After that is run – as noted in the code above – I then set default values IF the user data cannot be looked up. When would the user data fail to be looked up? Well, if a forwarding account is set to another provider. Using the example with me@bob.com – if that was a forwarding address to me@yahoo.com, clearly I do not host Yahoo so I won’t have a REAL user in my system for “me@yahoo.com” because the me@bob.com address is nothing but a forwarder to the Yahoo account. This is why I set default values; the default values are what I have found are good, reliable settings for Spamassassin (at least on my system). Each of the “require set acl_mX” lines check the data. If the acl_mX variable is empty, then it will change that acl_mX variable to equal the default amount. For subject tagging, that is 45. For rejecting, that is 53. For spam checking, it is set to “Y” which means checking is enabled.

And now lastly – the “accept” code at the bottom.

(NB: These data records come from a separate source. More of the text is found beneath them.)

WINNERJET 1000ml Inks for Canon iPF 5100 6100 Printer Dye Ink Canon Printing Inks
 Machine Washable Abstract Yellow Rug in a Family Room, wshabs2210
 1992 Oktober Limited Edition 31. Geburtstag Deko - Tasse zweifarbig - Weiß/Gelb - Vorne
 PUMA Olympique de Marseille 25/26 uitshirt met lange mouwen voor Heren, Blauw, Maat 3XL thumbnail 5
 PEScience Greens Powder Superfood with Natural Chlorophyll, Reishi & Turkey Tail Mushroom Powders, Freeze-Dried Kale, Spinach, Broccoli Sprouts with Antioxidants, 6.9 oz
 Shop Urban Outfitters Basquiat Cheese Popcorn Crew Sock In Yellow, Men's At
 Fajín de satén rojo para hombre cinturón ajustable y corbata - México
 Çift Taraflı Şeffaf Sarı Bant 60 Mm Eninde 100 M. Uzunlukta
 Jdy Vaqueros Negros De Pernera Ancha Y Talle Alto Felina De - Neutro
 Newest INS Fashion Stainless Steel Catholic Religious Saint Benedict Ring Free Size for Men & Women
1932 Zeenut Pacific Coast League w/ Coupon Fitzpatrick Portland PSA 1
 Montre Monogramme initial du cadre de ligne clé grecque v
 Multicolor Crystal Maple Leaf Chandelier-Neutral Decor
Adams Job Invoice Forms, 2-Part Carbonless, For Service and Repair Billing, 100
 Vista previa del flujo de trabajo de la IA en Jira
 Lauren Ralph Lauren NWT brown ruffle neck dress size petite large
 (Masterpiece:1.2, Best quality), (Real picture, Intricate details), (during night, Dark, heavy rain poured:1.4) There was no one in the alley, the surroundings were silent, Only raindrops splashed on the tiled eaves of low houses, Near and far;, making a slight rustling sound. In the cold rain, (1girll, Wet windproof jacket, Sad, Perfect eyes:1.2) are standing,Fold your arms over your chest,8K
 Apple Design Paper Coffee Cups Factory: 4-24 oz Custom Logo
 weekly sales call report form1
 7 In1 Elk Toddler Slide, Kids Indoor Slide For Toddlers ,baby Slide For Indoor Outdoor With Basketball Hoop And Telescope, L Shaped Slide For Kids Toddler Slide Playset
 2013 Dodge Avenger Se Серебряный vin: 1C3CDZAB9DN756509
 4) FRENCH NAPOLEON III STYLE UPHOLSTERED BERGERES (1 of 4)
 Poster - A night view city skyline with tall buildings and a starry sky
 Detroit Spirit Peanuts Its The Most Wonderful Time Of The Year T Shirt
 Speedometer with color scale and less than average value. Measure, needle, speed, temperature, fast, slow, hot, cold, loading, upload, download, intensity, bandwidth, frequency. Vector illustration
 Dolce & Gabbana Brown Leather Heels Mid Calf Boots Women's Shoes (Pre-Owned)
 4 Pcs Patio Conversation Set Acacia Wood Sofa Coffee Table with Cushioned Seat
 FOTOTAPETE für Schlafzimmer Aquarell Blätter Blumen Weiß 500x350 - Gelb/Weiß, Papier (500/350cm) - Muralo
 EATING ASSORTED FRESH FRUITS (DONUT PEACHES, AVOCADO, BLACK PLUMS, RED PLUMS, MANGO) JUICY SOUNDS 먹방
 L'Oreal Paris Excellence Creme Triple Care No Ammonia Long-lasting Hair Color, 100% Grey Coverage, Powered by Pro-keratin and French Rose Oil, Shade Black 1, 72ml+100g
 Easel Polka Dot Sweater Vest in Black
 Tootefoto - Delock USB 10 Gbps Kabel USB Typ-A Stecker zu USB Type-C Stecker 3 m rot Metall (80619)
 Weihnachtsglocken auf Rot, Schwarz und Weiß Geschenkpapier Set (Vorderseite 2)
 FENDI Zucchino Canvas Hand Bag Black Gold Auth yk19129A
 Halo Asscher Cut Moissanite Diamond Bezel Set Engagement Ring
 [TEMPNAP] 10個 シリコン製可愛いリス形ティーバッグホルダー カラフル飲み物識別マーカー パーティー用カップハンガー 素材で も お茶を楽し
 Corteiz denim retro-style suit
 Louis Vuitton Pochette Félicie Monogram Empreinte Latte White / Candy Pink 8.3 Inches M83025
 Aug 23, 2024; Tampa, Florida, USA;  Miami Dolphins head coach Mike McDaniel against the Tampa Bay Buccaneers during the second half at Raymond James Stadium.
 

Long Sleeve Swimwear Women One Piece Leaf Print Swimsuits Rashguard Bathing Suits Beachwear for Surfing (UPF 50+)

This code is run IF and only IF the user has decided that they do not want spam-checking enabled. So if the acl_m6 variable is equal to “N”, then the mail will be automatically accepted in the acl_check_rcpt routine This is et because I have “deny” conditions below the above configuration. But I don’t want those to run if the user has spam-checking disabled.

Setting the acl_check_data Routine to Use The User-Specified Spam Values in Exim

OK, now you need to use those variables in the acl_check_data routine where Spamassassin actually checks the e-mail. Again, ensure you have these set in the proper location because order is important in each of the routines.

# Will accept if the user has disabled spam checking
accept
condition = ${if eq{$acl_m6}{N}}

# Deny/Check for Spam
warn
spam = Debian-exim:true
message = X-Spam_score: $spam_score\n\
X-Spam_report: $spam_report
condition = ${if <{$spam_score_int}{$acl_m4}}

warn
spam = Debian-exim:true
message = Subject: SPAM SCORE: $spam_score $h_Subject
condition = ${if >{$spam_score_int}{$acl_m2}}

deny
spam = Debian-exim:true
message = E-mail cannot be delivered: $spam_score spam points. $h_Subject
condition = ${if >{$spam_score_int}{$acl_m4}}

In the code above, it first checks to see if the user has disabled spam-checking. Again, if variable acl_m6 is equal to “N” (spam-checking disabled), it will automatically accept the message and skip the other three conditions.

The next condition – the “warn” condition – will add the spam score and spam report to the header of the e-mail message if the spam score is less than the reject threshold. Now, the user-specified spam reject threshold is stored in variable “acl_m4” – hence why you see that in the code.

The next “warn” condition is set to only tag the subject line. It will add “SPAM SCORE: <score>” to the subject line of the e-mail. Now, “acl_m2” was set to the subject-tagging threshold – so this is why the condition contains that. If the spam score is higher than the “acl_m2” variable, the e-mail subject will be tagged.

Lastly – the “deny” condition. This simply rejects the e-mail at SMTP time to prevent the message from even getting to the user’s mailbox. In the condition, you see that “acl_m4” is specified. Again, this variable holds the user-specified reject threshold. So if the spam score is higher than the “acl_m4” variable, the message is rejected and will not be delivered.

So there you have it. Not a very easily solution to all user-specified spam settings in Exim, but it does work. The only issue that may cause trouble is the “defer” conditions if the spam settings are not the same for each of the users that the message should be sent to. If there are ten users and all ten of them have different settings, the message will only be delivered one at a time and the sending mail server will be deferred nine times until all users get the message. Deferring nine times may be a substantial period of time depending upon the sending mail server’s retry settings.